Re: [PATCH bpf-next 3/4] bpf: task work scheduling kfuncs

Kumar Kartikeya Dwivedi <memxor@xxxxxxxxx> · Mon, 11 Aug 2025 22:17:04 +0200

On Mon, 11 Aug 2025 at 22:13, Mykyta Yatsenko
<mykyta.yatsenko5@xxxxxxxxx> wrote:
>
> On 8/9/25 04:04, Kumar Kartikeya Dwivedi wrote:
> > On Fri, 8 Aug 2025 at 02:44, Mykyta Yatsenko <mykyta.yatsenko5@xxxxxxxxx> wrote:
> >> On 8/7/25 19:55, Kumar Kartikeya Dwivedi wrote:
> >>> On Wed, 6 Aug 2025 at 16:46, Mykyta Yatsenko <mykyta.yatsenko5@xxxxxxxxx> wrote:
> >>>> From: Mykyta Yatsenko <yatsenko@xxxxxxxx>
> >>>>
> >>>> Implementation of the bpf_task_work_schedule kfuncs.
> >>>>
> >>>> Main components:
> >>>>    * struct bpf_task_work_context – Metadata and state management per task
> >>>> work.
> >>>>    * enum bpf_task_work_state – A state machine to serialize work
> >>>>    scheduling and execution.
> >>>>    * bpf_task_work_schedule() – The central helper that initiates
> >>>> scheduling.
> >>>>    * bpf_task_work_callback() – Invoked when the actual task_work runs.
> >>>>    * bpf_task_work_irq() – An intermediate step (runs in softirq context)

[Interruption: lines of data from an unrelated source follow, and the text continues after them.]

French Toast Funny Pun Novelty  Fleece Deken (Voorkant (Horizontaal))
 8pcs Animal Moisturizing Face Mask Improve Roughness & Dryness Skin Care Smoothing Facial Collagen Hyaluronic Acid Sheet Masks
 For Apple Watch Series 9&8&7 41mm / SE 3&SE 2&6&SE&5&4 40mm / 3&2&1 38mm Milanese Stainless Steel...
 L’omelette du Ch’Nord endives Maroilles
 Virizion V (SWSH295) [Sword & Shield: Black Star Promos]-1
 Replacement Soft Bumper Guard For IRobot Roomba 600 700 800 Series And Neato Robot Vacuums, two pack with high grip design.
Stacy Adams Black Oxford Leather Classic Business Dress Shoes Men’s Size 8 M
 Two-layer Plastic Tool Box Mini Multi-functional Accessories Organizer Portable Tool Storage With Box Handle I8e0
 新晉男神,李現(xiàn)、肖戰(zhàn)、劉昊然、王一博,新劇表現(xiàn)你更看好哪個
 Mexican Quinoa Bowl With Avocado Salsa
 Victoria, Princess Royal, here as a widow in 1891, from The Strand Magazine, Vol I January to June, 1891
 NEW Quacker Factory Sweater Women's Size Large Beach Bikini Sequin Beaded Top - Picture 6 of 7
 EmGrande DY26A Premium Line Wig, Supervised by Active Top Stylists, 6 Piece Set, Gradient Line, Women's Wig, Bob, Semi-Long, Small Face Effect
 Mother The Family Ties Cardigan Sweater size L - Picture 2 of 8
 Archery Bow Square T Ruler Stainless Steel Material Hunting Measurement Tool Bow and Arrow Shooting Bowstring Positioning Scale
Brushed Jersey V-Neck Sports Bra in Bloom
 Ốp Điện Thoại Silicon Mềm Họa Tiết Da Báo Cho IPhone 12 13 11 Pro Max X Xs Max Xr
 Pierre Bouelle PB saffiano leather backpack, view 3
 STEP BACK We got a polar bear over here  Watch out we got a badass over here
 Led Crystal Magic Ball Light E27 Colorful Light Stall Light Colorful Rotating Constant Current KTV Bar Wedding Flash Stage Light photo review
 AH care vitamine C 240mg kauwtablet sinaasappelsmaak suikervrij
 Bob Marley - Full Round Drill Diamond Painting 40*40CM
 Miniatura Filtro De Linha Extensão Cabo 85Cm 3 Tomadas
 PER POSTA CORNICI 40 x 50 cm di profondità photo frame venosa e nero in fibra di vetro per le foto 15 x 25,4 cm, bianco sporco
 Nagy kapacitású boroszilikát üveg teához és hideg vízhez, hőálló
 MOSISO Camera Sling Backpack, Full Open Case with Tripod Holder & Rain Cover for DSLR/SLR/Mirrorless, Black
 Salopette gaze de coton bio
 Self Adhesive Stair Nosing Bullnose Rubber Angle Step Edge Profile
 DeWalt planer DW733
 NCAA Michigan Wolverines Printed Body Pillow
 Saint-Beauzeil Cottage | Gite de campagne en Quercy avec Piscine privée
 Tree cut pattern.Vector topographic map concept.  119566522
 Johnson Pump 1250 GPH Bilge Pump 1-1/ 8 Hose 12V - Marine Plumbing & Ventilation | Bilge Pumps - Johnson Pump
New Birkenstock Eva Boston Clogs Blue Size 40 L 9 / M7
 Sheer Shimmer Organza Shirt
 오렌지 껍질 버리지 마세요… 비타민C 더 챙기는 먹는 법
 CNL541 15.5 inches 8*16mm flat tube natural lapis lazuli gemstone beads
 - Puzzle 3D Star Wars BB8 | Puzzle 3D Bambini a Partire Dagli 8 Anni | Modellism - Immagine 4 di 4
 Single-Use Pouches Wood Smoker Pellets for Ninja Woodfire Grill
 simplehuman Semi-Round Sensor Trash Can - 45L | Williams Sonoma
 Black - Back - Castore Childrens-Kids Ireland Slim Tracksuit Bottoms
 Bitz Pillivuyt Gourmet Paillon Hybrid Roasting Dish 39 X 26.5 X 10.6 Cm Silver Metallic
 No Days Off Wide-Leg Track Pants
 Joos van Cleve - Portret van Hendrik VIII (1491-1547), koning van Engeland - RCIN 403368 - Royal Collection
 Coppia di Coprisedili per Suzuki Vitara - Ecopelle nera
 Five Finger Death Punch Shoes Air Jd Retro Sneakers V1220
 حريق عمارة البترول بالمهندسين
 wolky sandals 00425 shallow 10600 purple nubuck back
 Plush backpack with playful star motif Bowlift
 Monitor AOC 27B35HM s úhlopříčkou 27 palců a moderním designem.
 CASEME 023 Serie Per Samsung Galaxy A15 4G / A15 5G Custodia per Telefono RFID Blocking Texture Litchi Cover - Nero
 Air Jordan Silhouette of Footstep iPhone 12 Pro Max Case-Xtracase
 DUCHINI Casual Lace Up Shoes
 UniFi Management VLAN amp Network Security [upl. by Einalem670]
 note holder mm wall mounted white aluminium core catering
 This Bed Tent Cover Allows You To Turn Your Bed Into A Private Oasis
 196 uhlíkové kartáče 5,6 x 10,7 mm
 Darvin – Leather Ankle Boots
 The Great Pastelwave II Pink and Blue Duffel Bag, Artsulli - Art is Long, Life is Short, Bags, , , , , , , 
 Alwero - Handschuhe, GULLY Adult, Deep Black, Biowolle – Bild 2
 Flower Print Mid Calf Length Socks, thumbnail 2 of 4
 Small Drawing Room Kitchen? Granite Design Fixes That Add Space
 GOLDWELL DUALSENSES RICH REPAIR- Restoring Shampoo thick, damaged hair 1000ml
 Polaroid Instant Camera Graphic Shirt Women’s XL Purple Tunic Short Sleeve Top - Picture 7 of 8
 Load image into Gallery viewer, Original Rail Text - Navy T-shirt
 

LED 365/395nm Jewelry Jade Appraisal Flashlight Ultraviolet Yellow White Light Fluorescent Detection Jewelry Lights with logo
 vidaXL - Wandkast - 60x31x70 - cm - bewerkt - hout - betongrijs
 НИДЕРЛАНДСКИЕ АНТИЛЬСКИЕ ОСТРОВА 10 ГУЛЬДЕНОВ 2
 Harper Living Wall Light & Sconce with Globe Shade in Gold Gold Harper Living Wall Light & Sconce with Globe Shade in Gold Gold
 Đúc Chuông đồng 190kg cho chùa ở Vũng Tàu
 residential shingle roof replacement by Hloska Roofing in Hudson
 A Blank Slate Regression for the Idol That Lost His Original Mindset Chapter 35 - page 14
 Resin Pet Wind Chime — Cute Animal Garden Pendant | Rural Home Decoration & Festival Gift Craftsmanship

> >>>> to enqueue task work.
> >>>>    * bpf_task_work_cancel_and_free() – Cleanup for deleted BPF map entries.
> >>>>
> >>>> Flow of task work scheduling
> >>>>    1) bpf_task_work_schedule_* is called from BPF code.
> >>>>    2) Transition state from STANDBY to PENDING.
> >>>>    3) irq_work_queue() schedules bpf_task_work_irq().
> >>>>    4) Transition state from PENDING to SCHEDULING.
> >>>>    4) bpf_task_work_irq() attempts task_work_add(). If successful, state
> >>>>    transitions to SCHEDULED.
> >>>>    5) Task work calls bpf_task_work_callback(), which transition state to
> >>>>    RUNNING.
> >>>>    6) BPF callback is executed
> >>>>    7) Context is cleaned up, refcounts released, state set back to
> >>>>    STANDBY.
> >>>>
> >>>> Map value deletion
> >>>> If map value that contains bpf_task_work_context is deleted, BPF map
> >>>> implementation calls bpf_task_work_cancel_and_free().
> >>>> Deletion is handled by atomically setting state to FREED and
> >>>> releasing references or letting scheduler do that, depending on the
> >>>> last state before the deletion:
> >>>>    * SCHEDULING: release references in bpf_task_work_cancel_and_free(),
> >>>>    expect bpf_task_work_irq() to cancel task work.
> >>>>    * SCHEDULED: release references and try to cancel task work in
> >>>>    bpf_task_work_cancel_and_free().
> >>>>     * other states: one of bpf_task_work_irq(), bpf_task_work_schedule(),
> >>>>     bpf_task_work_callback() should cleanup upon detecting the state
> >>>>     switching to FREED.
> >>>>
> >>>> The state transitions are controlled with atomic_cmpxchg, ensuring:
> >>>>    * Only one thread can successfully enqueue work.
> >>>>    * Proper handling of concurrent deletes (BPF_TW_FREED).
> >>>>    * Safe rollback if task_work_add() fails.
> >>>>
> >>> In general I am not sure why we need so many acquire/release pairs.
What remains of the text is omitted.